To ensure the successful execution and review of the RePatch artifact, we recommend the following system configuration:

Hardware

  • Processor: 1.18 GHz CPU or faster
  • RAM: Minimum of 16 GB
  • Disk Space: At least 15 GB of free storage

Operating System

  • Linux (Ubuntu or Debian-based distribution)

Software Dependencies

  • Java 11 (OpenJDK)
  • Maven 3.6 or higher
  • Python 3.10 or higher
  • Git (version 2.25 or higher)
  • MySQL Database version 8.0 or higher
  • IntelliJ IDEA 2020.1.2 Community Edition
  • Docker (for optional containerized setup) - Recommended

Others

  • MySQL Workbench or phpMyAdmin (for GUI-based database interaction)
  • Stable internet connection

Installation and Running RePatch

This section will get you through installation and execution of the RePatch tool. If you want to quickly reproduce the results in the paper without running the tool, kindly refer to "Reproducing the Results in the Paper" section.

You can run the RePatch tool using one of two approaches:

  1. Locally on your machine, or
  2. Using Docker.

The instructions below explain how to run the tool locally. For most users, we recommend using the containerized setup provided in the docker directory, which includes a dedicated README with step-by-step guidance. This will automatically install and configure all neccessary tools.

1. Clone and build RefactoringMiner

The lastest version of RefactoringMiner is here.
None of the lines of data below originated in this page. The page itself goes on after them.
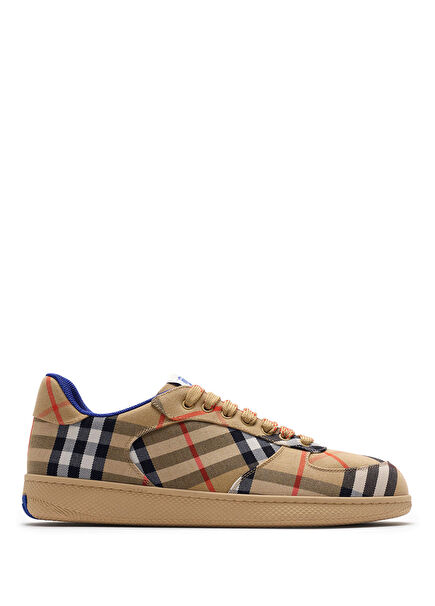 Check Terrace Beige Men's Sneakers
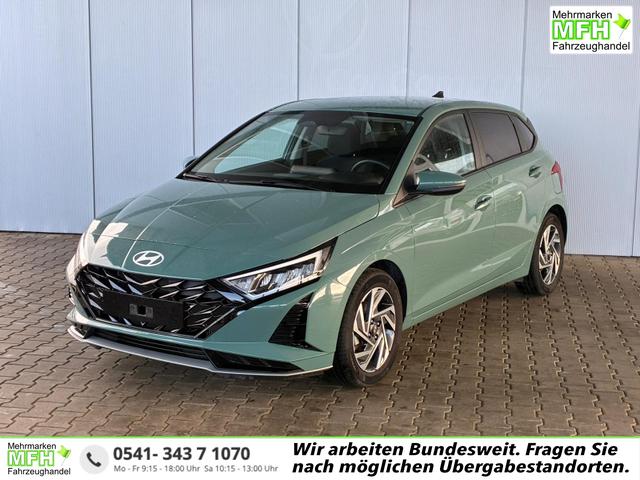 Hyundai i20 - Comfort 1.0 T-GDI / LED Tempomat Navi R&uuml;ckfahrkamera Alu 16"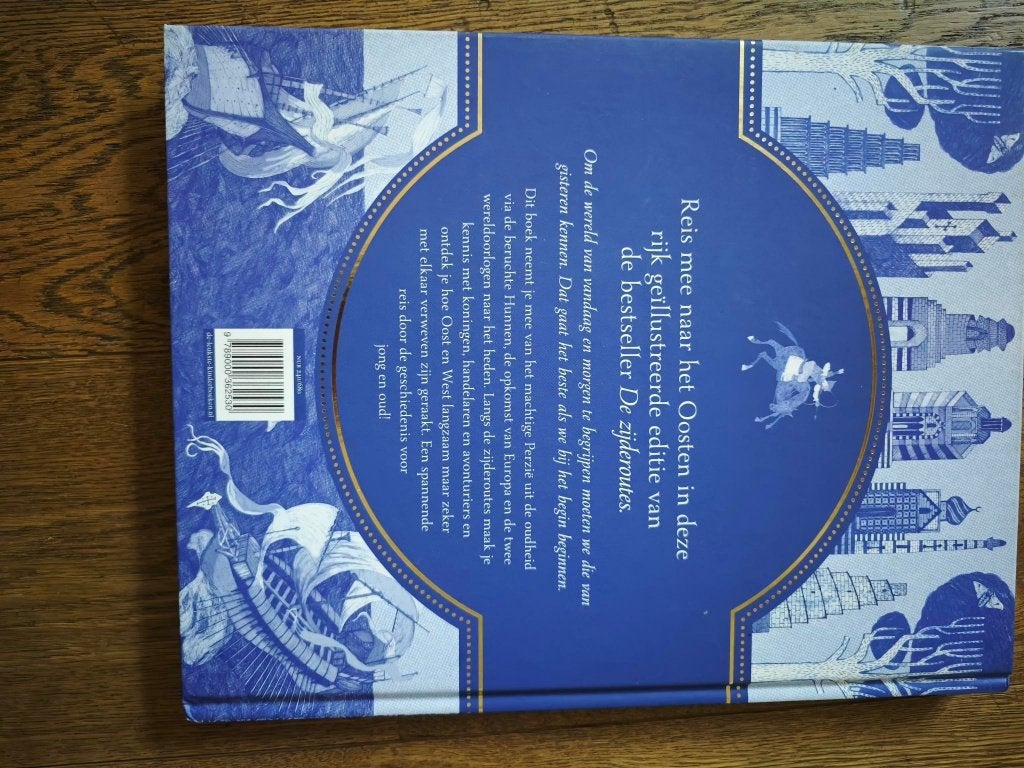Peter Frankopan / De zijde routes, Ophalen of Verzenden, Zo goed als nieuw, Europa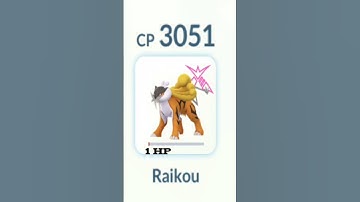 using 1 HP ✨ Raikou against Team rocket grunt in pokemongo #shorts #pokemongo #pokemon #pokémon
However, for this project, we used RefactoringMiner 2.2 found here.

git clone https://github.com/manuelohrndorf/com.github.tsantalis.refactoringminer

Then build RefactoringMiner with ./gradlew distzip. It will be under build/distributions.

2. Add RefactoringMiner to your local maven repository

You will need to add RefactoringMiner to your local maven repository to use it in the build.gradle. You can use mvn install:install-file -Dfile=<path-to-file> to add it to your local maven repository. You can verify that it's been installed by checking the path /home/username/.m2/repository/org/refactoringminer.

3. Build the project

Clone this project (git clone https://github.com/unlv-evol/Repatch.git) and open it in IntelliJ IDE. Wait for project to be indexed by IntelliJ. To build the project, click on build tab in the IntelliJ IDE and select Build Project to build RePatch.

Follow the steps below to run the experiment:

  1. Create a GitHub token and add it to github-oauth.properties. This is optional if you are running the tool using only the sample data provided.

  2. Edit the configuration tasks in the IntelliJ IDE under Run | Edit Configurations (more information can be found here) to have :runIde and include set -Pmode= to integration and -PdataPath= to repatch-integration-projects. Then, set -PevaluationProject= to the project (target variant) that you want to evaluate on. For our case, it would look like -PevaluationProject=kafka since we want to test run integration on linkedin/kafka.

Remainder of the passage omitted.